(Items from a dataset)

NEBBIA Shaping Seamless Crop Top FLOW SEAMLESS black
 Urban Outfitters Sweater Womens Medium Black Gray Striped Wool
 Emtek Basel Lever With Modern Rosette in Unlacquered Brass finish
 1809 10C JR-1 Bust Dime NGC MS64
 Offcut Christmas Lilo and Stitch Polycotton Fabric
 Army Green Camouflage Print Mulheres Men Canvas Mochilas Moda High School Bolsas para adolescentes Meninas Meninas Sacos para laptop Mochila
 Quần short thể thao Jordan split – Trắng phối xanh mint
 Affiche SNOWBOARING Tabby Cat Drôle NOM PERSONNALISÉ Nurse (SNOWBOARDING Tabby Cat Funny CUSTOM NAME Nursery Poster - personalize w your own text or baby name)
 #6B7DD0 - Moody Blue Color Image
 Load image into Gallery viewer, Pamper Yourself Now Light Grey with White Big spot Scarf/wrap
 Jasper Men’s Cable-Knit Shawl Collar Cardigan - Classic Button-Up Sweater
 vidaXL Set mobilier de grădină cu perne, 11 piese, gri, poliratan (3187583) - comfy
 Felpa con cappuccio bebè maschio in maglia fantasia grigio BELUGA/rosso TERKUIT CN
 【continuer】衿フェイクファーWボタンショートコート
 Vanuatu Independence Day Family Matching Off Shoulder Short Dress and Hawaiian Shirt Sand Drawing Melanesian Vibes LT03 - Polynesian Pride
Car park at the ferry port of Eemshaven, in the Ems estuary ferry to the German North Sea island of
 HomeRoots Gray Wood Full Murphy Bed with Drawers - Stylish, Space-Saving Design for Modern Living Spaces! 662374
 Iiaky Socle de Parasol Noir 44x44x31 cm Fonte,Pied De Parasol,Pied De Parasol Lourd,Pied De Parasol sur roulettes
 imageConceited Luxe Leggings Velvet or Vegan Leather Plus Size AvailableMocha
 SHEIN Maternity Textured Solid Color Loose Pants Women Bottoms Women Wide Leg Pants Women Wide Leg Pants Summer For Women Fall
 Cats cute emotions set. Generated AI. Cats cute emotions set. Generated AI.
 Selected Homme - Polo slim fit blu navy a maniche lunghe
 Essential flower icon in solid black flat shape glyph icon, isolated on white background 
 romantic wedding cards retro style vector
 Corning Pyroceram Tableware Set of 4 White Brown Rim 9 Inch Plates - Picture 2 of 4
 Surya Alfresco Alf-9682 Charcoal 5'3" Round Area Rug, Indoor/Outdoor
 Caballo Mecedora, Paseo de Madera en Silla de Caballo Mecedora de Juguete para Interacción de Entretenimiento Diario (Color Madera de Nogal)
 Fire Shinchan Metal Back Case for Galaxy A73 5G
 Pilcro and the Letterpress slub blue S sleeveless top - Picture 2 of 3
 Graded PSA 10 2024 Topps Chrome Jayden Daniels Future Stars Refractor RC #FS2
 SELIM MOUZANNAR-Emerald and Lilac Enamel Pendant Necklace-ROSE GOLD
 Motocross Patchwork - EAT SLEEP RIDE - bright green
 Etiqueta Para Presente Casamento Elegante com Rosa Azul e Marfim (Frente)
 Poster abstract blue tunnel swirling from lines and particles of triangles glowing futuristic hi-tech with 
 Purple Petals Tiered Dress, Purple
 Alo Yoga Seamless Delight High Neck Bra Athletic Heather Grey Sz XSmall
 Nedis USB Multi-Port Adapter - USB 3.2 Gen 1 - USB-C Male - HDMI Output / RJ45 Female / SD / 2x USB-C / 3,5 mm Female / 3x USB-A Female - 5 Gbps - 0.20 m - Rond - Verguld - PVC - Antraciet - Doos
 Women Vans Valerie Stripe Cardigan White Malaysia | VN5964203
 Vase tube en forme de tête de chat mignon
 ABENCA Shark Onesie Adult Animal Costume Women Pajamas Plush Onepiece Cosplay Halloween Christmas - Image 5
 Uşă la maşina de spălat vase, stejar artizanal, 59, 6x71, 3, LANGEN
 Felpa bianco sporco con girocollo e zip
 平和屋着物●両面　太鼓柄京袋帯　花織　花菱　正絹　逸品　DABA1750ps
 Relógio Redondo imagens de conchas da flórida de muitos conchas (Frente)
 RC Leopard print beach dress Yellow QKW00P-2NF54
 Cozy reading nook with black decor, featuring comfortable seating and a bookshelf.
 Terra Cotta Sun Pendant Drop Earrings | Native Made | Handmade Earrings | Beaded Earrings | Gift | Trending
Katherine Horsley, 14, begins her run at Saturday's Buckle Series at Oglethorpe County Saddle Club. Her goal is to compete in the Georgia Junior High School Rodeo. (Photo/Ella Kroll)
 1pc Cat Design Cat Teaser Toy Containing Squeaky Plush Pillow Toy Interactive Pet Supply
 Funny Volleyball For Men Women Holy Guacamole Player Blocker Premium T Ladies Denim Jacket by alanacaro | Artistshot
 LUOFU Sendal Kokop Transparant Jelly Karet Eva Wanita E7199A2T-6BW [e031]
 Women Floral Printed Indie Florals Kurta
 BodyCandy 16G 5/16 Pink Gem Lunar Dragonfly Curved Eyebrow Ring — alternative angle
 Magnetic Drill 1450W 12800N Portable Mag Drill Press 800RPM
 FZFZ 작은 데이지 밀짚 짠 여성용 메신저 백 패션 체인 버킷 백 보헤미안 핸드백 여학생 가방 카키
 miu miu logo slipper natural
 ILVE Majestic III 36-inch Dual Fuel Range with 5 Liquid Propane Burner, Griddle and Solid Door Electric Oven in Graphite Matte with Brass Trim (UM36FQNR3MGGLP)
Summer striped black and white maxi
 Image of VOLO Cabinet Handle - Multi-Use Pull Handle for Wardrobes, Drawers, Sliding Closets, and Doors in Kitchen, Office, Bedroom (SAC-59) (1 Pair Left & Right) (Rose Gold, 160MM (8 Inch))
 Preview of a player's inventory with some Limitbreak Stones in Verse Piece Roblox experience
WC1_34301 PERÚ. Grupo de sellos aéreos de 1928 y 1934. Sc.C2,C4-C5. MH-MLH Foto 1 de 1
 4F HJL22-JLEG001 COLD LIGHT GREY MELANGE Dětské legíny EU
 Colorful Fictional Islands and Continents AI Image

## Problem details
Here the output must be the lines above from the line with "SELIM MOUZANNAR-Emerald and" to the line with "平和屋着物●両面　太鼓柄京袋帯　花織　花菱　正絹　逸品　DABA1750ps", both included, duplicated word for word and nothing else.

## Result below
 SELIM MOUZANNAR-Emerald and Lilac Enamel Pendant Necklace-ROSE GOLD
 Motocross Patchwork - EAT SLEEP RIDE - bright green
 Etiqueta Para Presente Casamento Elegante com Rosa Azul e Marfim (Frente)
 Poster abstract blue tunnel swirling from lines and particles of triangles glowing futuristic hi-tech with 
 Purple Petals Tiered Dress, Purple
 Alo Yoga Seamless Delight High Neck Bra Athletic Heather Grey Sz XSmall
 Nedis USB Multi-Port Adapter - USB 3.2 Gen 1 - USB-C Male - HDMI Output / RJ45 Female / SD / 2x USB-C / 3,5 mm Female / 3x USB-A Female - 5 Gbps - 0.20 m - Rond - Verguld - PVC - Antraciet - Doos
 Women Vans Valerie Stripe Cardigan White Malaysia | VN5964203
 Vase tube en forme de tête de chat mignon
 ABENCA Shark Onesie Adult Animal Costume Women Pajamas Plush Onepiece Cosplay Halloween Christmas - Image 5
 Uşă la maşina de spălat vase, stejar artizanal, 59, 6x71, 3, LANGEN
 Felpa bianco sporco con girocollo e zip
 平和屋着物●両面　太鼓柄京袋帯　花織　花菱　正絹　逸品　DABA1750ps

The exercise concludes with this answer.